18. They Need Baths Too

Dogs can get dirty and stinky quite quickly, especially when they play outside. Now, you probably don’t want your dog jumping on your couch or climbing in bed with you with its dirty paws. Needless to say, your dog will need a bath at least once every 3 months or as often as twice a month.

19. Dogs Can Get Cold

A popular mistaken belief is that dogs don’t get cold, or at least don’t get as cold as humans do. Well, the truth is that just because they belong to the wolf family and have fur doesn’t mean they don’t get cold. So, if you like in an area with freezing temperatures, make sure to provide your pup with an insulated or heated area.

20. Dogs Don’t Sweat Like Humans

Dogs only have sweat glands on their paws. So, to cool down, dogs pant to circulate air and lower their body temperature. Their fur acts like a coat, so even warm temperatures can be very hot for them. Therefore, it’s important to provide your pup with a constant supply of water and ample shade to cool them down on a hot summer day.

21. It’s Better to Get Pet Insurance

Getting pet insurance helps you prepare for expensive vet costs incurred as a result of illnesses or accidents. Some insurance plans also include general care expenses, such as doctor visits, prescriptions, and vaccinations.

22. Prepared for Unexpected Expenses

Dogs can get quite destructively at times, breaking or destroying your precious possessions. At some point in their life, your dog will do something that will cost you money. So, it’s best to prepare yourself for their unforeseen occurrence so that you’re less upset when it actually happens.

23. Dogs Love Walks and Exercise

A huge chunk of the time you plan to devote daily to your dog should comprise walking. Dogs are energetic creatures that need lots of physical stimulation, which they get through exercise. Dogs generally require at least an hour a day of walking, but it can also be over an hour, depending on the breed. If you don’t have that much time to walk your dog, then it’s best to reconsider the adoption.

24. Be a Responsible Dog Owner

One of the most crucial things about being a first-time dog owner is to learn how to become a responsible one. To do this, you need to commit to your pup for life and accept responsibility for its actions. It is imperative that you offer your dog proper care while respecting your neighbors and community.

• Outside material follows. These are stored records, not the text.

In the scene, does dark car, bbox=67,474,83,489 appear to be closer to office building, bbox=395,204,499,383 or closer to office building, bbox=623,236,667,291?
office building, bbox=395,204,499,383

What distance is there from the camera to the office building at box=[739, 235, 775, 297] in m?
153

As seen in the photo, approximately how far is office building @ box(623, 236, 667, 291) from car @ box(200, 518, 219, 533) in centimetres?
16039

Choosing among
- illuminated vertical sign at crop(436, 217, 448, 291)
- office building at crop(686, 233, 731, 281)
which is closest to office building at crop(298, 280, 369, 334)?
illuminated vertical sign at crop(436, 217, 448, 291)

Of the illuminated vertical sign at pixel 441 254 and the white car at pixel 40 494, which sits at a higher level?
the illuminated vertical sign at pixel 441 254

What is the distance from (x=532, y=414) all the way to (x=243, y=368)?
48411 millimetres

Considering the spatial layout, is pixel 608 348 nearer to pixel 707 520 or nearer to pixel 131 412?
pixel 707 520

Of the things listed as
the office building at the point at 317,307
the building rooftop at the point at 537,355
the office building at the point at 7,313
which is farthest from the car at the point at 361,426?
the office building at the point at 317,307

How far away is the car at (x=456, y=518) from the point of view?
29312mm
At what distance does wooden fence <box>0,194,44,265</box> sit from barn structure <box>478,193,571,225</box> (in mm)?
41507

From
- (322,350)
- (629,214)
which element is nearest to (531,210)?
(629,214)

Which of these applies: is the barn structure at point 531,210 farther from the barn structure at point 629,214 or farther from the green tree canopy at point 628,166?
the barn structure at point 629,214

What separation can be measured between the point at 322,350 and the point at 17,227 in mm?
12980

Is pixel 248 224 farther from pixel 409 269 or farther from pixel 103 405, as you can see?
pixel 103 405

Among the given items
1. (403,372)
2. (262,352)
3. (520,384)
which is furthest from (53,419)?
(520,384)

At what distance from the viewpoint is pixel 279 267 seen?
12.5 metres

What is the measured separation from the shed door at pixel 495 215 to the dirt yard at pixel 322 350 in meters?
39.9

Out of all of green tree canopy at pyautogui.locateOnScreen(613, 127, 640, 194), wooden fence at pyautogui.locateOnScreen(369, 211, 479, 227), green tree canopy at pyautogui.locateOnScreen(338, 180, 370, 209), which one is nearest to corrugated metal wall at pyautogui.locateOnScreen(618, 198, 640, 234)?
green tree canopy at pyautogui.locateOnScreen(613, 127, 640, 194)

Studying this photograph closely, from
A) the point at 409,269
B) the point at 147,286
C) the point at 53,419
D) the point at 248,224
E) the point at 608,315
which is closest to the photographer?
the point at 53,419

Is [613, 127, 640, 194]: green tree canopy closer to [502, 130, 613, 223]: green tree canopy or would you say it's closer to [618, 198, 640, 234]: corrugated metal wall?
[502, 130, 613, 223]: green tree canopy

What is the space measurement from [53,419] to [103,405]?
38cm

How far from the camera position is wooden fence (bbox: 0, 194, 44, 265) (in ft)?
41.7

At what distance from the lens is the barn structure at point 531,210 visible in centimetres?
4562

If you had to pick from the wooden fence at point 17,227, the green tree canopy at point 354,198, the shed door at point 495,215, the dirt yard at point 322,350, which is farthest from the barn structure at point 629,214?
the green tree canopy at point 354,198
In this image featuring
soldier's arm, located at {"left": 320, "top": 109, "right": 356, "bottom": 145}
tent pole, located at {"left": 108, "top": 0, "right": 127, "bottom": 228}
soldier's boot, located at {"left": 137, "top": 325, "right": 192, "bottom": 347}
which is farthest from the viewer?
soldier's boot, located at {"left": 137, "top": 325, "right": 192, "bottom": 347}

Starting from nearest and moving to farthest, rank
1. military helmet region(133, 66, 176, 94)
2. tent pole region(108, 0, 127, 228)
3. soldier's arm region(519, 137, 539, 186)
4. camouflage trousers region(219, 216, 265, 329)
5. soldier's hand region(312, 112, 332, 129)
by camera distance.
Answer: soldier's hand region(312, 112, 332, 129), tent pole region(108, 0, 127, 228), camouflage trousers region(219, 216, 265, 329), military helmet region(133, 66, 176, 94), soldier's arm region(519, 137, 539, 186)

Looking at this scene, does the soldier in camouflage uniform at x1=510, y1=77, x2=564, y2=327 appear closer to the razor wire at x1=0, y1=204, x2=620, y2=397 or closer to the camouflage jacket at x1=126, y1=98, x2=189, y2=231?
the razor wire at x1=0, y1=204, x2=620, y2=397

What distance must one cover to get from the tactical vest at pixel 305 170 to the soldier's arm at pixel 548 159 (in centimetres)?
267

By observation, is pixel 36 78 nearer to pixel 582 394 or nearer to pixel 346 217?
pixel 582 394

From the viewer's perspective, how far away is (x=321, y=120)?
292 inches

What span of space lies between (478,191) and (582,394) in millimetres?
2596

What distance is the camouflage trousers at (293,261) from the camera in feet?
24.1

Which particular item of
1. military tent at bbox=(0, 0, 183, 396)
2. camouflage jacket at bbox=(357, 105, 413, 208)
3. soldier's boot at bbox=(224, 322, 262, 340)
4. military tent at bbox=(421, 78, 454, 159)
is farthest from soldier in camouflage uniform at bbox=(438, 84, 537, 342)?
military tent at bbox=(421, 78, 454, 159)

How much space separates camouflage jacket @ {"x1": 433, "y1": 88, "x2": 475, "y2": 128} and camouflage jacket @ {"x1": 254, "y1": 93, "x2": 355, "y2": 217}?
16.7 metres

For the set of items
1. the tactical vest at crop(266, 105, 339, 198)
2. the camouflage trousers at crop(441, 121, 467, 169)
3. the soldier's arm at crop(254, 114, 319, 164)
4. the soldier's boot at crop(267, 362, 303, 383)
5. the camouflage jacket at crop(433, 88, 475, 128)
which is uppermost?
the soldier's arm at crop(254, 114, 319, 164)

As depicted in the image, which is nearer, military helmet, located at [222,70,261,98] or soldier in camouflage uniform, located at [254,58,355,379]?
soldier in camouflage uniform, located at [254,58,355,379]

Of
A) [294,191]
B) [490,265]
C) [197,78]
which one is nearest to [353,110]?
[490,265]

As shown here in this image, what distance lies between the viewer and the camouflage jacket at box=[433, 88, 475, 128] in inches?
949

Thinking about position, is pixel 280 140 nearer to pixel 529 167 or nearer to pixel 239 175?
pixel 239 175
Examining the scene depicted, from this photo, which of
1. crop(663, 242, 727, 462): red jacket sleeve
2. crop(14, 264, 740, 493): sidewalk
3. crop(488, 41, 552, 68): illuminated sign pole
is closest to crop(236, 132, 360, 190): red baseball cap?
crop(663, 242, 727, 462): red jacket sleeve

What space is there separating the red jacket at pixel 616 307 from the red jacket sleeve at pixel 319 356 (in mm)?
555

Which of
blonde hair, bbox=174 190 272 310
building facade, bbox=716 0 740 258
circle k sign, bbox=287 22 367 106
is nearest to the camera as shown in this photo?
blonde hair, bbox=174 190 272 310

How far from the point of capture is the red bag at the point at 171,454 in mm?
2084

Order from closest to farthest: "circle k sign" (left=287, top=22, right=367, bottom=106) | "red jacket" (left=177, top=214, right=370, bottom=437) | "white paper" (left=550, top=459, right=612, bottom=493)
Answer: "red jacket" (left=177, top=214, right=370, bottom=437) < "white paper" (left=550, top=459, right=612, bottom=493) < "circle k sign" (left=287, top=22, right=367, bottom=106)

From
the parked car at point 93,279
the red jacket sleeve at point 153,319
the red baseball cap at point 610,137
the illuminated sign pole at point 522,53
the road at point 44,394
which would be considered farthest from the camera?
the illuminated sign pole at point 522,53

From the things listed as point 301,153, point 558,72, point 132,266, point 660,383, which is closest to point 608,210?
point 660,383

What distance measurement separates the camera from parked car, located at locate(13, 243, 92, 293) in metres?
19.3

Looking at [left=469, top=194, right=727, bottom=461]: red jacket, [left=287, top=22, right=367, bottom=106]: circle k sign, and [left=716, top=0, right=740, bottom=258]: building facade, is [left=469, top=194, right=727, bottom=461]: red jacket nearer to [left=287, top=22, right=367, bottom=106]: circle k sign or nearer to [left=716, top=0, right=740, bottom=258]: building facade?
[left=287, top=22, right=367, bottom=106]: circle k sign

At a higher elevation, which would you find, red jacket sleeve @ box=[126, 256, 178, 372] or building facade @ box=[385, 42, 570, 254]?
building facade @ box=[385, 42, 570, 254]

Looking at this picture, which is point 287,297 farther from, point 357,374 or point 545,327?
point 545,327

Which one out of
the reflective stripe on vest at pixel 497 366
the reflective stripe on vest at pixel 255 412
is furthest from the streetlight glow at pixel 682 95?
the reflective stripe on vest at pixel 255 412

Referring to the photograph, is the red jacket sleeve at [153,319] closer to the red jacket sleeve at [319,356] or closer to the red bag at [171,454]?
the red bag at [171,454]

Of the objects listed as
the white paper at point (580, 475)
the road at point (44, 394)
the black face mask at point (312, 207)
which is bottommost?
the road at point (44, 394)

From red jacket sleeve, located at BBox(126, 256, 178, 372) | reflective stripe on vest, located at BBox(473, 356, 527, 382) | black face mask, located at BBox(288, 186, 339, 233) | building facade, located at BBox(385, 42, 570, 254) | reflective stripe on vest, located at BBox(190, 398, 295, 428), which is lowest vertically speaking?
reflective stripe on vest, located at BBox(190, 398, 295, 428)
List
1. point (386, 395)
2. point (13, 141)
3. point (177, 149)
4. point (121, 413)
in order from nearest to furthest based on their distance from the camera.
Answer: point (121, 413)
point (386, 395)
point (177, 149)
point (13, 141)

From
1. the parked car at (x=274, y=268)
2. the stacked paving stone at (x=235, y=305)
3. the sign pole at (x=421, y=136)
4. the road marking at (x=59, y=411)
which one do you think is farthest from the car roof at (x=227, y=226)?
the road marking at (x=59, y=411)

25. Dog Ownership Is Rewarding

As a first-time owner, you should know that dog ownership is one of the most rewarding experiences you’ll ever have. It may seem tough and challenging at first, but the joy of spending time with your beloved furry baby will make everything seem worthwhile.

We hope that these 25 things every first-time dog owner needs to know taught you things you desperately needed to know before bringing your pup home. That said, we hope you and your pup are the right fit for each other and make one another joyful and content!